EXERCISE INSTRUCTIONS: Please give back the listing below word for word, without the images.

(Beginning of RECORDED DATA)

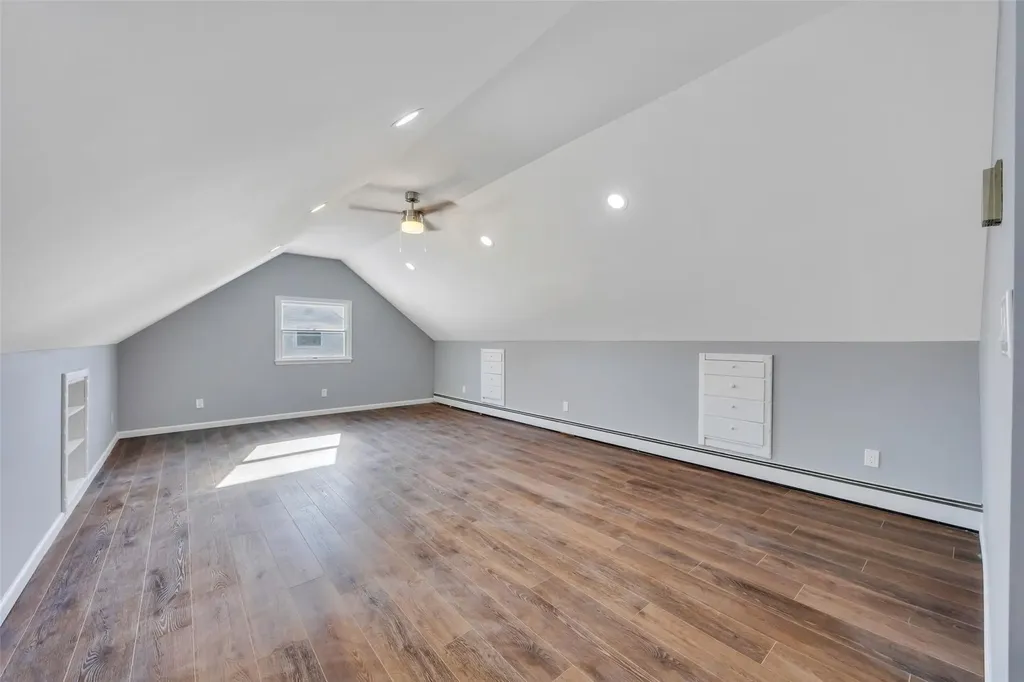 51 Pitchpine Place Medford NY 11763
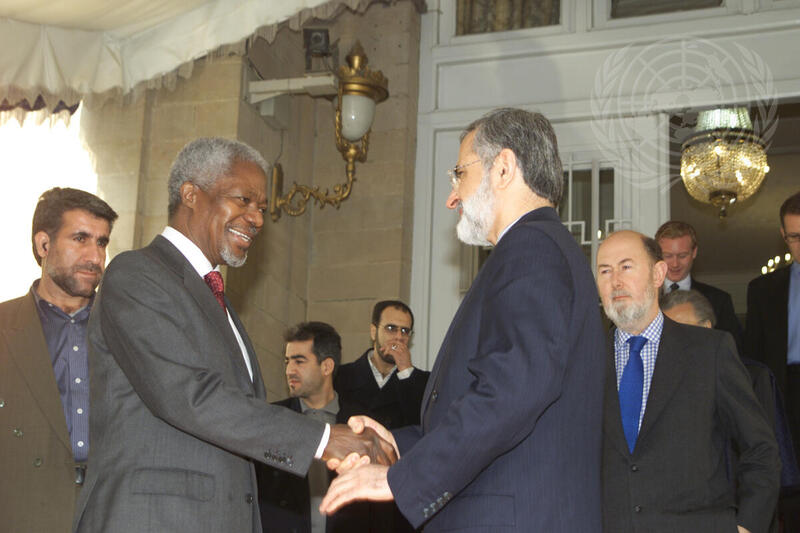 Secretary-General Meets with the Foreign Minister of the Islamic Republic of Iran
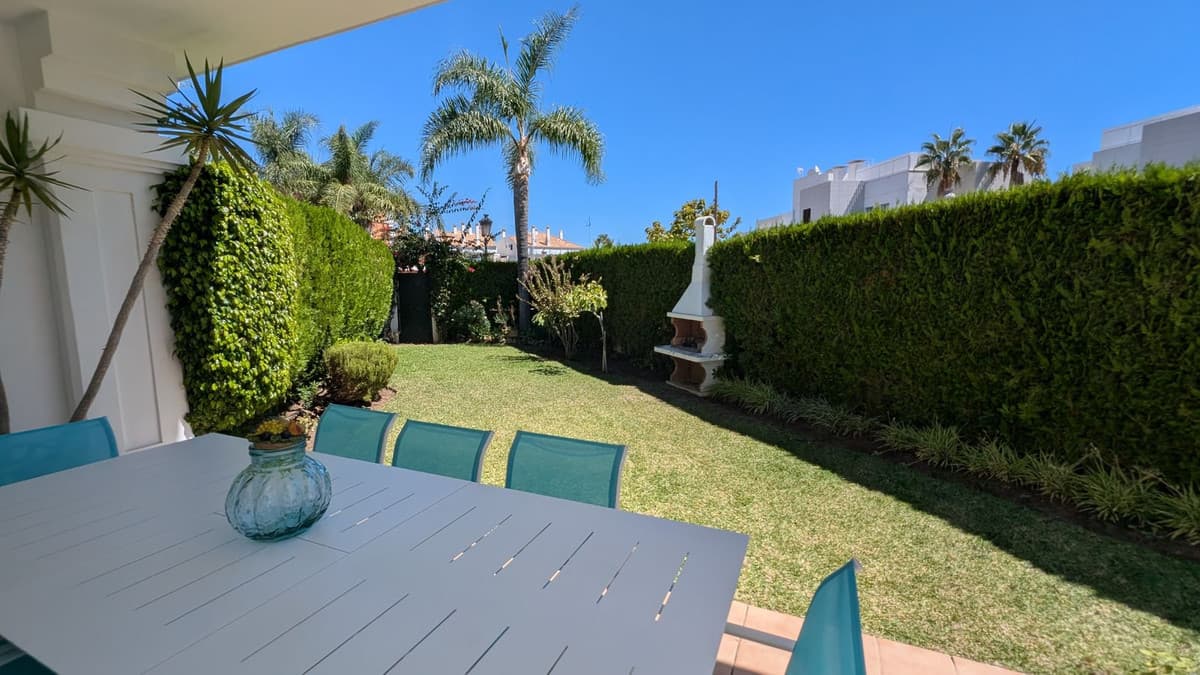 Semi-Detached House in San Pedro de Alcántara — photo 3 of 10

(End of RECORDED DATA)

YOUR SOLUTION:
 51 Pitchpine Place Medford NY 11763
 Secretary-General Meets with the Foreign Minister of the Islamic Republic of Iran
 Semi-Detached House in San Pedro de Alcántara — photo 3 of 10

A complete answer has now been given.